### PROBLEM DETAILS
Each line below needs to be returned exactly. Skip any picture.

··· DATA SEGMENT

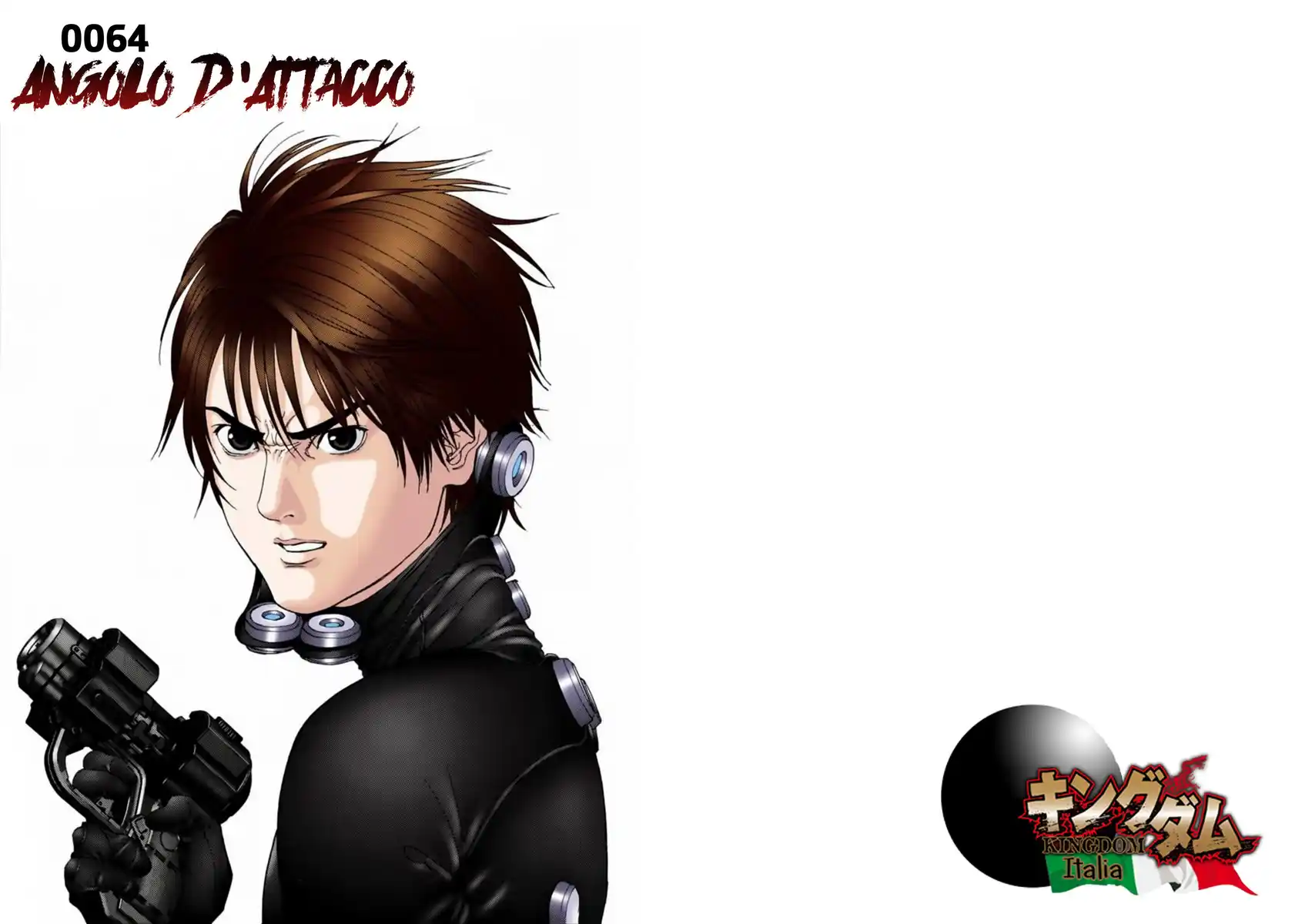 Gantz - Digital Colored Comics Capitolo 64 page 1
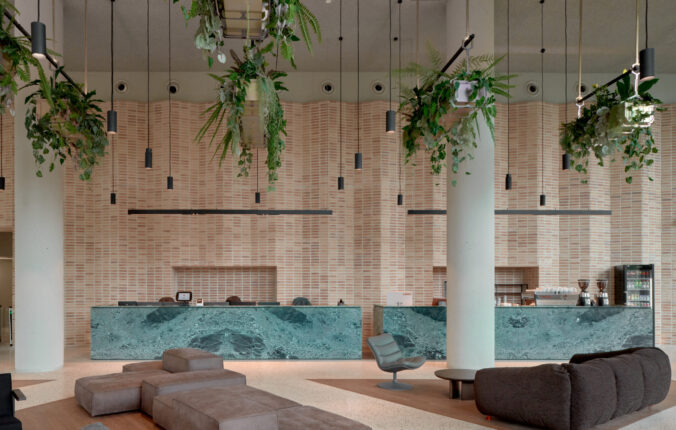 Innovative Urban Gateway: The Pulse of Amsterdam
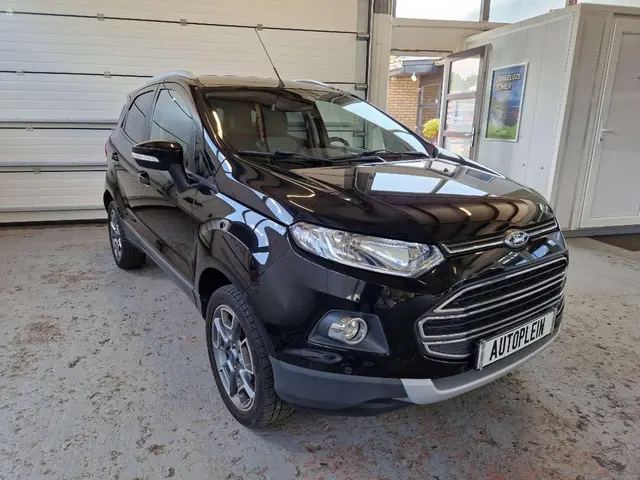 Ford EcoSport 1.0 EcoBoost Titanium 2015 Benzine 4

······

### WRITTEN ANSWER
 Gantz - Digital Colored Comics Capitolo 64 page 1
 Innovative Urban Gateway: The Pulse of Amsterdam
 Ford EcoSport 1.0 EcoBoost Titanium 2015 Benzine 4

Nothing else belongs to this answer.